## YOUR GOAL
What is needed is a word-for-word copy of the records below.

Source data
┄┄┄┄┄┄

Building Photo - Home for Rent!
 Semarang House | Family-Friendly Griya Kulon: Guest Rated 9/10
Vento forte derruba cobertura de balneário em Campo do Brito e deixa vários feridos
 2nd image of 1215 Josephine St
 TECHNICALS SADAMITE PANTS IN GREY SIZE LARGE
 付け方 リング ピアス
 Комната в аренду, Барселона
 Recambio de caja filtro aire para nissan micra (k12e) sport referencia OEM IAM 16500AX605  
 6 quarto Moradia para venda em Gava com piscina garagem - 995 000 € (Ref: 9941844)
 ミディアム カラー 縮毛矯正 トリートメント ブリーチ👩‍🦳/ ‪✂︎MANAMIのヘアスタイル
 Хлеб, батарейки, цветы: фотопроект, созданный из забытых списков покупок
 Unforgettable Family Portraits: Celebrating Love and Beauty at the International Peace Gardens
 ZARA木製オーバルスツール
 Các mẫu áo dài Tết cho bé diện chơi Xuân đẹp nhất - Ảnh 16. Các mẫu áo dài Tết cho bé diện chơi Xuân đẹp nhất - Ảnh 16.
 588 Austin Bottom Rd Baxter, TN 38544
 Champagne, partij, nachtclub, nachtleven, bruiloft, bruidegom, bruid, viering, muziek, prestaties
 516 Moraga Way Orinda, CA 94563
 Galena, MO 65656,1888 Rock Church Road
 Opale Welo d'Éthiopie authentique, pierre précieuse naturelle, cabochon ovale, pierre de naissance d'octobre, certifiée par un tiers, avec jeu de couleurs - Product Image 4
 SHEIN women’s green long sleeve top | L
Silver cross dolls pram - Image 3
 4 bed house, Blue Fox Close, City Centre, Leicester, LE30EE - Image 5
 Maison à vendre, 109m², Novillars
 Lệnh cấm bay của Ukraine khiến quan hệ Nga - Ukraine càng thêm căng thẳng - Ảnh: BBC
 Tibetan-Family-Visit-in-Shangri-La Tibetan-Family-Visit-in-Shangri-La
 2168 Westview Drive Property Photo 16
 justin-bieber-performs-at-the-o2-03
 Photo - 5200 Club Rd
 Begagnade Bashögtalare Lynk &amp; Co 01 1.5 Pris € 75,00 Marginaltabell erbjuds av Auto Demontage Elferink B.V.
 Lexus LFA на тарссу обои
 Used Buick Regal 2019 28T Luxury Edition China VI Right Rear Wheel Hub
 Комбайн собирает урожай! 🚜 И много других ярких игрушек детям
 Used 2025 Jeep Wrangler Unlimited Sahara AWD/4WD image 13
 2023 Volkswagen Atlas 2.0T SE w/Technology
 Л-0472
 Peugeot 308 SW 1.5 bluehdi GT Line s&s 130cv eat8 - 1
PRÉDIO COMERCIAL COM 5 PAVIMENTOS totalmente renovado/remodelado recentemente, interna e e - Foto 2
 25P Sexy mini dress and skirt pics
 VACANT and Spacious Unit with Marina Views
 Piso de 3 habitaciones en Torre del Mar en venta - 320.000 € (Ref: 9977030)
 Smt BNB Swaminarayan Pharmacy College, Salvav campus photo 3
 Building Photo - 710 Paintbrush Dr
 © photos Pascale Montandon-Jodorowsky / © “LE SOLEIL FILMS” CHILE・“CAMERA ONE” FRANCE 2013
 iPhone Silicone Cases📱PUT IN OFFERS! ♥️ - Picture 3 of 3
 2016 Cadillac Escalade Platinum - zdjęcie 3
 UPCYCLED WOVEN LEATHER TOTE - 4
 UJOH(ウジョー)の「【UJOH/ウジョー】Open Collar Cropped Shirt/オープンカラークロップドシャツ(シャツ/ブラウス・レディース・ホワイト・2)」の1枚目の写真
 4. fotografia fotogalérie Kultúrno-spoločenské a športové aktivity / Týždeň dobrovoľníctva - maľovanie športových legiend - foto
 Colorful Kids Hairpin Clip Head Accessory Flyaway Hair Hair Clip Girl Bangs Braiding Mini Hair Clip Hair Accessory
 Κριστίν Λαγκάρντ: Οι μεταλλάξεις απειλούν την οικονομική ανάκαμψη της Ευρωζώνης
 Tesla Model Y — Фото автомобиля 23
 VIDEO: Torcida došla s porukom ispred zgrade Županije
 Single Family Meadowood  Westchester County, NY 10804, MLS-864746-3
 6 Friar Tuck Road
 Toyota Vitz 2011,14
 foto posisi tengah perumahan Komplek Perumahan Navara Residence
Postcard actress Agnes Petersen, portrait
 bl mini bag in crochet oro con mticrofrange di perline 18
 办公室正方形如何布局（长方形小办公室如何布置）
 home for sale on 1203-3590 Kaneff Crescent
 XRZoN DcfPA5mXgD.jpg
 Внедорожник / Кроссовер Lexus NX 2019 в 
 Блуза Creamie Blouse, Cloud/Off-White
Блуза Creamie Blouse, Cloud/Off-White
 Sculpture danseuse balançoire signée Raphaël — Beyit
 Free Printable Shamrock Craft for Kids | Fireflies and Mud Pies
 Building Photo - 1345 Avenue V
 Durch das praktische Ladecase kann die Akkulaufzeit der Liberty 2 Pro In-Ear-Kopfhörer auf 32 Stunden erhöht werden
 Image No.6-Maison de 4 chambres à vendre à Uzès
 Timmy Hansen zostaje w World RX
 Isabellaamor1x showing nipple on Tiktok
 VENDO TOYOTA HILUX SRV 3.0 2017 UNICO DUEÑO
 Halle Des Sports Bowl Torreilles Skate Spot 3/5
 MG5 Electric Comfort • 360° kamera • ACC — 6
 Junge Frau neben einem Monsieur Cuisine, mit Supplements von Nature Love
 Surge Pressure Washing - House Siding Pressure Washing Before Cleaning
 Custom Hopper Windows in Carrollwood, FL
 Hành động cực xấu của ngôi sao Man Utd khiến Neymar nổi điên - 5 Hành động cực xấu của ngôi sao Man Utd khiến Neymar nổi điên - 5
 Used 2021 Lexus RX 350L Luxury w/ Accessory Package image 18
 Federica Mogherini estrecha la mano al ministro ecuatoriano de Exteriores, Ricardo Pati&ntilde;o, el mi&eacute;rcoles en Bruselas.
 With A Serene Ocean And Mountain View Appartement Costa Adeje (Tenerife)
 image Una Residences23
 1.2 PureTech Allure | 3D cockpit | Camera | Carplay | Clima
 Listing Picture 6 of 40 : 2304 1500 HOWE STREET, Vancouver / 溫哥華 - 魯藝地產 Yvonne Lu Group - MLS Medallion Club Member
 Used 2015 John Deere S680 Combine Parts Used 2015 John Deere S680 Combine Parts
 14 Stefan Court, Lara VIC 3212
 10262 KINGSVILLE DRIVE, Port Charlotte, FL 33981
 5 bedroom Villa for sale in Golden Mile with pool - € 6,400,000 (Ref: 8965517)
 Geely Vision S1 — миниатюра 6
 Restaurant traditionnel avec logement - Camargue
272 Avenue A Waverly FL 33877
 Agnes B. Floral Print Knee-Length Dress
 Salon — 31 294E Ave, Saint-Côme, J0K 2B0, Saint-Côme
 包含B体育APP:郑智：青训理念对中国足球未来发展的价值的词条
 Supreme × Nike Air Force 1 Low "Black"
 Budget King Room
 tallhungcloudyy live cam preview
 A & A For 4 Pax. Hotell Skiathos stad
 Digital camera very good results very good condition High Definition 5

┄┄┄┄┄┄

## FINISHED EXERCISE
Building Photo - Home for Rent!
 Semarang House | Family-Friendly Griya Kulon: Guest Rated 9/10
Vento forte derruba cobertura de balneário em Campo do Brito e deixa vários feridos
 2nd image of 1215 Josephine St
 TECHNICALS SADAMITE PANTS IN GREY SIZE LARGE
 付け方 リング ピアス
 Комната в аренду, Барселона
 Recambio de caja filtro aire para nissan micra (k12e) sport referencia OEM IAM 16500AX605  
 6 quarto Moradia para venda em Gava com piscina garagem - 995 000 € (Ref: 9941844)
 ミディアム カラー 縮毛矯正 トリートメント ブリーチ👩‍🦳/ ‪✂︎MANAMIのヘアスタイル
 Хлеб, батарейки, цветы: фотопроект, созданный из забытых списков покупок
 Unforgettable Family Portraits: Celebrating Love and Beauty at the International Peace Gardens
 ZARA木製オーバルスツール
 Các mẫu áo dài Tết cho bé diện chơi Xuân đẹp nhất - Ảnh 16. Các mẫu áo dài Tết cho bé diện chơi Xuân đẹp nhất - Ảnh 16.
 588 Austin Bottom Rd Baxter, TN 38544
 Champagne, partij, nachtclub, nachtleven, bruiloft, bruidegom, bruid, viering, muziek, prestaties
 516 Moraga Way Orinda, CA 94563
 Galena, MO 65656,1888 Rock Church Road
 Opale Welo d'Éthiopie authentique, pierre précieuse naturelle, cabochon ovale, pierre de naissance d'octobre, certifiée par un tiers, avec jeu de couleurs - Product Image 4
 SHEIN women’s green long sleeve top | L
Silver cross dolls pram - Image 3
 4 bed house, Blue Fox Close, City Centre, Leicester, LE30EE - Image 5
 Maison à vendre, 109m², Novillars
 Lệnh cấm bay của Ukraine khiến quan hệ Nga - Ukraine càng thêm căng thẳng - Ảnh: BBC
 Tibetan-Family-Visit-in-Shangri-La Tibetan-Family-Visit-in-Shangri-La
 2168 Westview Drive Property Photo 16
 justin-bieber-performs-at-the-o2-03
 Photo - 5200 Club Rd
 Begagnade Bashögtalare Lynk &amp; Co 01 1.5 Pris € 75,00 Marginaltabell erbjuds av Auto Demontage Elferink B.V.
 Lexus LFA на тарссу обои
 Used Buick Regal 2019 28T Luxury Edition China VI Right Rear Wheel Hub
 Комбайн собирает урожай! 🚜 И много других ярких игрушек детям
 Used 2025 Jeep Wrangler Unlimited Sahara AWD/4WD image 13
 2023 Volkswagen Atlas 2.0T SE w/Technology
 Л-0472
 Peugeot 308 SW 1.5 bluehdi GT Line s&s 130cv eat8 - 1
PRÉDIO COMERCIAL COM 5 PAVIMENTOS totalmente renovado/remodelado recentemente, interna e e - Foto 2
 25P Sexy mini dress and skirt pics
 VACANT and Spacious Unit with Marina Views
 Piso de 3 habitaciones en Torre del Mar en venta - 320.000 € (Ref: 9977030)
 Smt BNB Swaminarayan Pharmacy College, Salvav campus photo 3
 Building Photo - 710 Paintbrush Dr
 © photos Pascale Montandon-Jodorowsky / © “LE SOLEIL FILMS” CHILE・“CAMERA ONE” FRANCE 2013
 iPhone Silicone Cases📱PUT IN OFFERS! ♥️ - Picture 3 of 3
 2016 Cadillac Escalade Platinum - zdjęcie 3
 UPCYCLED WOVEN LEATHER TOTE - 4
 UJOH(ウジョー)の「【UJOH/ウジョー】Open Collar Cropped Shirt/オープンカラークロップドシャツ(シャツ/ブラウス・レディース・ホワイト・2)」の1枚目の写真
 4. fotografia fotogalérie Kultúrno-spoločenské a športové aktivity / Týždeň dobrovoľníctva - maľovanie športových legiend - foto
 Colorful Kids Hairpin Clip Head Accessory Flyaway Hair Hair Clip Girl Bangs Braiding Mini Hair Clip Hair Accessory
 Κριστίν Λαγκάρντ: Οι μεταλλάξεις απειλούν την οικονομική ανάκαμψη της Ευρωζώνης
 Tesla Model Y — Фото автомобиля 23
 VIDEO: Torcida došla s porukom ispred zgrade Županije
 Single Family Meadowood  Westchester County, NY 10804, MLS-864746-3
 6 Friar Tuck Road
 Toyota Vitz 2011,14
 foto posisi tengah perumahan Komplek Perumahan Navara Residence
Postcard actress Agnes Petersen, portrait
 bl mini bag in crochet oro con mticrofrange di perline 18
 办公室正方形如何布局（长方形小办公室如何布置）
 home for sale on 1203-3590 Kaneff Crescent
 XRZoN DcfPA5mXgD.jpg
 Внедорожник / Кроссовер Lexus NX 2019 в 
 Блуза Creamie Blouse, Cloud/Off-White
Блуза Creamie Blouse, Cloud/Off-White
 Sculpture danseuse balançoire signée Raphaël — Beyit
 Free Printable Shamrock Craft for Kids | Fireflies and Mud Pies
 Building Photo - 1345 Avenue V
 Durch das praktische Ladecase kann die Akkulaufzeit der Liberty 2 Pro In-Ear-Kopfhörer auf 32 Stunden erhöht werden
 Image No.6-Maison de 4 chambres à vendre à Uzès
 Timmy Hansen zostaje w World RX
 Isabellaamor1x showing nipple on Tiktok
 VENDO TOYOTA HILUX SRV 3.0 2017 UNICO DUEÑO
 Halle Des Sports Bowl Torreilles Skate Spot 3/5
 MG5 Electric Comfort • 360° kamera • ACC — 6
 Junge Frau neben einem Monsieur Cuisine, mit Supplements von Nature Love
 Surge Pressure Washing - House Siding Pressure Washing Before Cleaning
 Custom Hopper Windows in Carrollwood, FL
 Hành động cực xấu của ngôi sao Man Utd khiến Neymar nổi điên - 5 Hành động cực xấu của ngôi sao Man Utd khiến Neymar nổi điên - 5
 Used 2021 Lexus RX 350L Luxury w/ Accessory Package image 18
 Federica Mogherini estrecha la mano al ministro ecuatoriano de Exteriores, Ricardo Pati&ntilde;o, el mi&eacute;rcoles en Bruselas.
 With A Serene Ocean And Mountain View Appartement Costa Adeje (Tenerife)
 image Una Residences23
 1.2 PureTech Allure | 3D cockpit | Camera | Carplay | Clima
 Listing Picture 6 of 40 : 2304 1500 HOWE STREET, Vancouver / 溫哥華 - 魯藝地產 Yvonne Lu Group - MLS Medallion Club Member
 Used 2015 John Deere S680 Combine Parts Used 2015 John Deere S680 Combine Parts
 14 Stefan Court, Lara VIC 3212
 10262 KINGSVILLE DRIVE, Port Charlotte, FL 33981
 5 bedroom Villa for sale in Golden Mile with pool - € 6,400,000 (Ref: 8965517)
 Geely Vision S1 — миниатюра 6
 Restaurant traditionnel avec logement - Camargue
272 Avenue A Waverly FL 33877
 Agnes B. Floral Print Knee-Length Dress
 Salon — 31 294E Ave, Saint-Côme, J0K 2B0, Saint-Côme
 包含B体育APP:郑智：青训理念对中国足球未来发展的价值的词条
 Supreme × Nike Air Force 1 Low "Black"
 Budget King Room
 tallhungcloudyy live cam preview
 A & A For 4 Pax. Hotell Skiathos stad
 Digital camera very good results very good condition High Definition 5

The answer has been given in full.